Stastny P, Ball E J, Khan M A, Olsen N J, Pincus T, Gao X
Br J Rheumatol. 1988;27 Suppl 2:132-8. doi: 10.1093/rheumatology/xxvii.suppl_2.132.
In a new series of RA patients the association with HLA-DR4 was again found to be highly significant. Also increased were the DR4 associated antigens DRw53 and DQw3. Hybridization of a DQ-beta probe to Bg1 II-digested DNA showed that a variant of DQw3, characterized by a 4.3 kb fragment and related to the serological specificity TA10, was markedly increased among DR4 positive RA patients. HLA-DR1 was also increased in RA and appeared to be independent of the increase of DR4. Although the DR1 association was weaker, it was observed in both patients with and without RF. In contrast, DR4 was found to be increased significantly only in the RF positive group of patients, as previously observed. Development of RA in multiple-case families was found to be linked to the inheritance of DR4 positive haplotypes. The possible role of risk factors associated with polymorphic markers of the T-cell receptor genes was investigated. An allelic marker associated with one of the variable gene subfamilies of the beta-chain was found to be associated with RA. The results suggest that susceptibility for development of RA is influenced by alleles of the T-cell receptor in conjunction with the class II HLA factors with which the T-cell receptor interacts in the course of the immune response.

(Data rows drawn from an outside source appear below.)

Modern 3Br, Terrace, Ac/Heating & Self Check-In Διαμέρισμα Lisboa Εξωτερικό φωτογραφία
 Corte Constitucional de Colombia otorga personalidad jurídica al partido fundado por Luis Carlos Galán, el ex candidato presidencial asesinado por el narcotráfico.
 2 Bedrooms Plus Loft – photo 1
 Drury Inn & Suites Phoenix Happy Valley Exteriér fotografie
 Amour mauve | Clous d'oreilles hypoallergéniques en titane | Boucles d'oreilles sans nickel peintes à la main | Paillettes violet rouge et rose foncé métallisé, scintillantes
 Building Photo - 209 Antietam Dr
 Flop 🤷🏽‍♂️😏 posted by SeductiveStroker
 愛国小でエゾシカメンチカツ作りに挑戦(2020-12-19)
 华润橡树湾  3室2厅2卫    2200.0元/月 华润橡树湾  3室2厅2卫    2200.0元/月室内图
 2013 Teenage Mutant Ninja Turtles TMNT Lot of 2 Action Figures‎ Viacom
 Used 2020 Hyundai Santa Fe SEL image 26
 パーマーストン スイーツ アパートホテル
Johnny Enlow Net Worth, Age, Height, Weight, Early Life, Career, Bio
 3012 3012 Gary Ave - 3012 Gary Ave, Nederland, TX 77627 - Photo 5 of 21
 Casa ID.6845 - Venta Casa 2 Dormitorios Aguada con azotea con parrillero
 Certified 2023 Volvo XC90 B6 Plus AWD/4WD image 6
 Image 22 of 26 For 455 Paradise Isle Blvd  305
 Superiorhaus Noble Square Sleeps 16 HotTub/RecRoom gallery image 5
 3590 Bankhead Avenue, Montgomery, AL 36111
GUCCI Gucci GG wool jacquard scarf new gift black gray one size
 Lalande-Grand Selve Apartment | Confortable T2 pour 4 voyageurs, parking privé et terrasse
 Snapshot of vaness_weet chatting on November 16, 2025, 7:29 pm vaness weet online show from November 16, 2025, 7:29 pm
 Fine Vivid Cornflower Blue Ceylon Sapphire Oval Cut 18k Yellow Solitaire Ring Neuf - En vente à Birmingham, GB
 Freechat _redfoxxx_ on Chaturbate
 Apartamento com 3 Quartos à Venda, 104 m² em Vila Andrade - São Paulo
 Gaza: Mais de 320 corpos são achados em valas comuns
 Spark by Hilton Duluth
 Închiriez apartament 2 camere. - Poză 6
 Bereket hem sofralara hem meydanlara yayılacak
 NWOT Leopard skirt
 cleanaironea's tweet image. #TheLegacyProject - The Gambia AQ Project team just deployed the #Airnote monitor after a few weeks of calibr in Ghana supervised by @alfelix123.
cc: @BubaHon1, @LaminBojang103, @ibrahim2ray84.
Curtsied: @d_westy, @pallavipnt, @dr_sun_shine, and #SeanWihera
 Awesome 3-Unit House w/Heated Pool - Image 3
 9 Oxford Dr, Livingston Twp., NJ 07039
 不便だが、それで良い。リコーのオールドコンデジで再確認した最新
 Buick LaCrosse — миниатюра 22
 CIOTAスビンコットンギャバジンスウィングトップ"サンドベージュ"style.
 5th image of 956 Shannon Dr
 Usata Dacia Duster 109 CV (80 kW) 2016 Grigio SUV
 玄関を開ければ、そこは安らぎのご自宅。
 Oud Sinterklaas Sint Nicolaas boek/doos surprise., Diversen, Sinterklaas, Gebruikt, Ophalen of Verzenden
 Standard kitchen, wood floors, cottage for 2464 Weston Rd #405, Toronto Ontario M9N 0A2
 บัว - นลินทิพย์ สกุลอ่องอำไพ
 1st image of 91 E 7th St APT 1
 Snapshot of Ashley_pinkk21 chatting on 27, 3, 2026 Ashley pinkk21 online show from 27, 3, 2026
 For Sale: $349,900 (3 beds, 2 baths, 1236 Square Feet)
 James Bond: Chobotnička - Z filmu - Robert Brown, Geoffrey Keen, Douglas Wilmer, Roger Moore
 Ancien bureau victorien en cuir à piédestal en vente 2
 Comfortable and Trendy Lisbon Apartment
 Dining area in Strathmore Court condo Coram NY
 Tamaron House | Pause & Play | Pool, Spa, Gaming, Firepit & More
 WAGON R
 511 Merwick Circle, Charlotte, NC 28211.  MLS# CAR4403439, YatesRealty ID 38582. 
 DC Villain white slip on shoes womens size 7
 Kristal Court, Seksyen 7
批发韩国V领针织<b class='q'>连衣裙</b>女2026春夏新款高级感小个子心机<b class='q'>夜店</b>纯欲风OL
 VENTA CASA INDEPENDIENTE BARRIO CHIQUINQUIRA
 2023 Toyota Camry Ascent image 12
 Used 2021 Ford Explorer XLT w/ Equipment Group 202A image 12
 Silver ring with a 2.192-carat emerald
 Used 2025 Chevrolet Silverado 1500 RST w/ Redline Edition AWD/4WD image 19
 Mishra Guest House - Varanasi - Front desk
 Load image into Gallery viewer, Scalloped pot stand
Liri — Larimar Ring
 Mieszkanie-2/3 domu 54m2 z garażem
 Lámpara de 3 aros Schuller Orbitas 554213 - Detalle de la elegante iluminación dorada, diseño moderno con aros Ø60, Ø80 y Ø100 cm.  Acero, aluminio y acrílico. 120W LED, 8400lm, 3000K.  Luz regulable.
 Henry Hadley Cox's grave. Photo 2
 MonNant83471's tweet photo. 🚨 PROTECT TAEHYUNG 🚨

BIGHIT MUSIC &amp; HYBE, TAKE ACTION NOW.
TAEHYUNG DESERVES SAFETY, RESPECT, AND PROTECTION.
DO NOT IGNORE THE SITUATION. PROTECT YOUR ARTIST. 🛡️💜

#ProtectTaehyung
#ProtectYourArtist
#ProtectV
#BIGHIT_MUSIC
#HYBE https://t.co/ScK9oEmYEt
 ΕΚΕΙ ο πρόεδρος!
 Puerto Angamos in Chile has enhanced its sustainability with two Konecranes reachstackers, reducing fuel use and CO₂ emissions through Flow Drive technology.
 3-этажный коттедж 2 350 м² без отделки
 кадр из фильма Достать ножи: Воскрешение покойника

在一组新的类风湿关节炎(RA)患者中,再次发现与HLA - DR4的关联具有高度显著性。与DR4相关的抗原DRw53和DQw3也有所增加。用DQ - β探针与Bg1 II酶切的DNA进行杂交显示,在DR4阳性的RA患者中,一种以4.3 kb片段为特征且与血清学特异性TA10相关的DQw3变体显著增加。HLA - DR1在RA患者中也有所增加,且似乎与DR4的增加无关。尽管DR1的关联性较弱,但在有和没有类风湿因子(RF)的患者中均有观察到。相比之下,正如之前所观察到的,DR4仅在RF阳性的患者组中显著增加。在多病例家庭中,RA的发病被发现与DR4阳性单倍型的遗传有关。研究了与T细胞受体基因多态性标记相关的危险因素的可能作用。发现与β链可变基因亚家族之一相关的一个等位基因标记与RA有关。结果表明,RA发病的易感性受T细胞受体等位基因以及在免疫反应过程中与T细胞受体相互作用的II类HLA因子的影响。